Foto: Rumah Adat Suku Mee dan Oda Owada /Dok. Laurenzu |
Oleh: Alm. Manfred Ch. Mote, S. Fil
SEKARANG tibalah saatnya bagi kita untuk melihat dan mendalami pokok mengenai ‘Spiritualitas Owaadaa’. Apakah yang dimaksud dengan Spiritualitas Owaadaa?

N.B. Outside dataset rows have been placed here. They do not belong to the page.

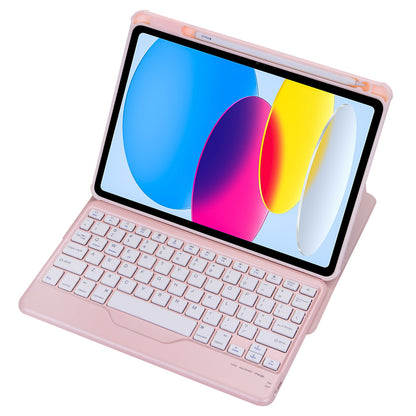 F10B Tablet Case for iPad 10.9 (2022) PU Leather Clear Acrylic Rotating Stand Cover + Wireless Bluetooth Keyboard with Pencil Holder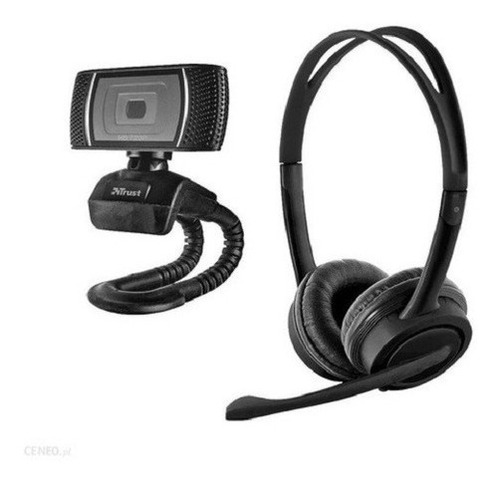 Kit Audifonos Y Webcam Trust Microfono Hd Usb 2.0 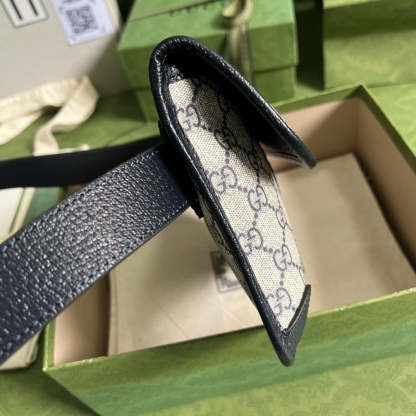 gg Ophidia Belt Bag Beige And Blue gg Supreme Canvas For Men 9in/22cm gg 674081 96IWN 4076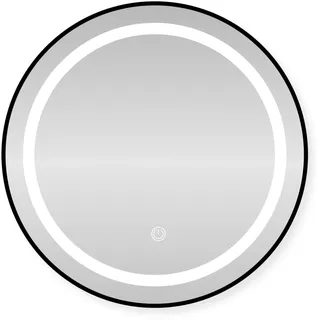 SensaHome Runder LED-Badezimmerspiegel – Dimmbare Wandspiegel mit Beleuchtung – Metallrahmen – 2700K/4500K/6400K – 80 cm – Schwarz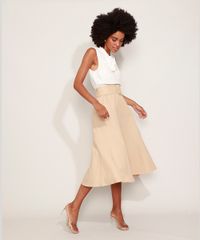 Saia-Feminina-Midi-com-Cinto-Kaki-9948952-Kaki_3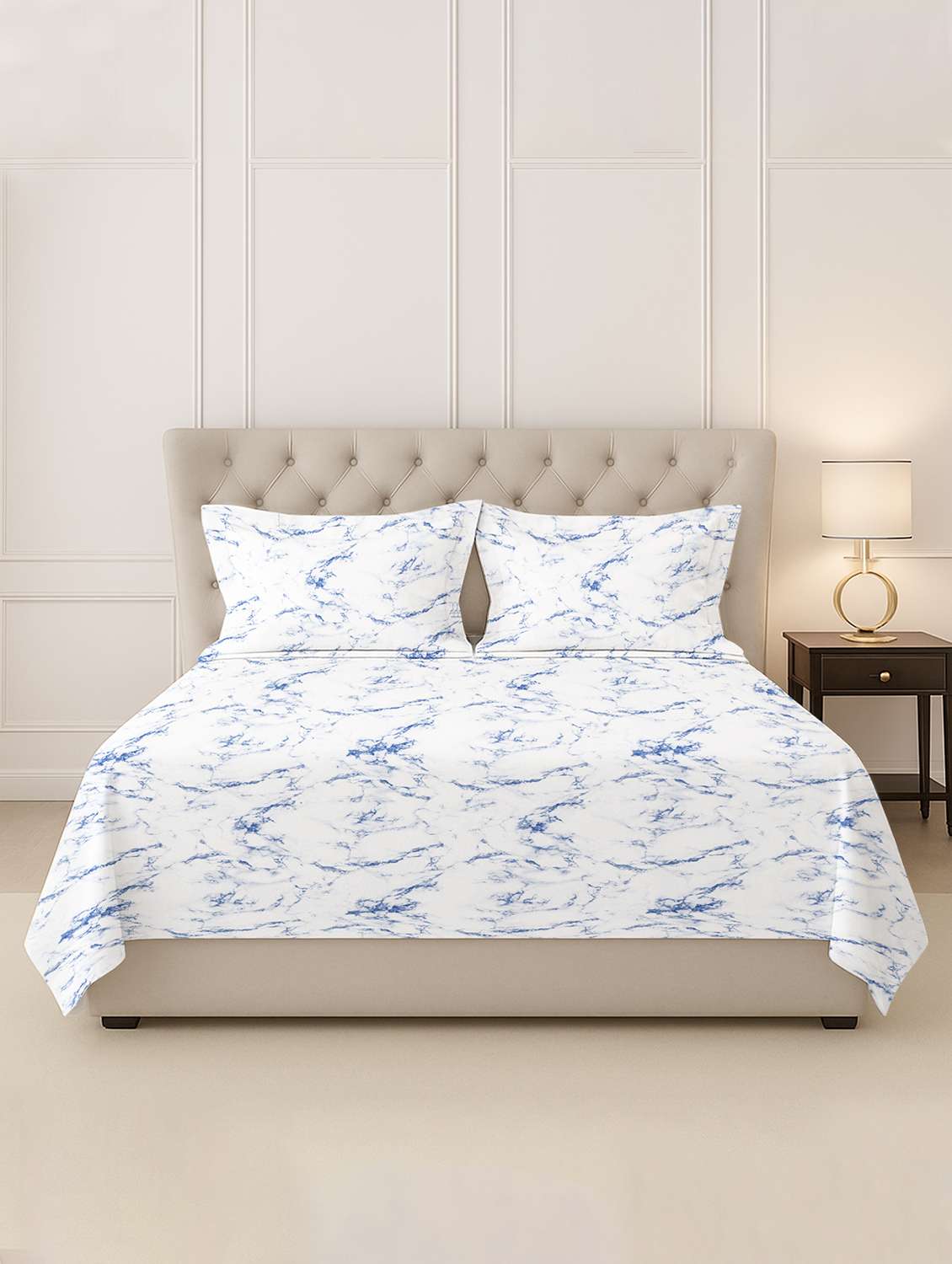 pizuna cotton 400 tc printed bedsheet superking with 2 pillow covers - 22335937 -  Standard Image - 1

Spiritualitas Owaadaa ialah suatu spiritualitas kehidupan keberagamaan orang-orang Mee (suku bangsa Mee) yang dihayati dan diamalkan dengan memandang ‘Kebun Owaadaa’ sebagai ‘simbol’ Kehadiran, Kehidupan dan Keaktifan penyelenggaraan Karya-Cipta Allah Yang Mewahyukan Diri-Nya melalui dan di dalam ‘Manusia Koyeidaba’, yaitu dia yang selama hidup-nya di dunia telah mengajarkan suatu ajaran yang dinamakan ‘Touye Mana’ atau ‘Toota Mana’ yaitu suatu Ajaran Jalan Kehidupan dan Keselamatan dan yang pada akhir hidup-nya, dia yang secara rela dan bebas telah menyerahkan dan mengorbankan diri untuk mati, untuk menumbuhkan dari jasad-nya benih-benih tumbuhan dan tanaman Makanan Kehidupan dan Keselamatan jasmani-rohani secara utuh baik di dunia sekarang maupun di akhirat kelak nanti, yang dinamakan benih-benih tumbuhan dan tanaman ‘Touye Iyo’ atau ‘Toota Iyo’, dan kemudian setelah itu ia bangkit dari kematian-nya dan hidup kembali.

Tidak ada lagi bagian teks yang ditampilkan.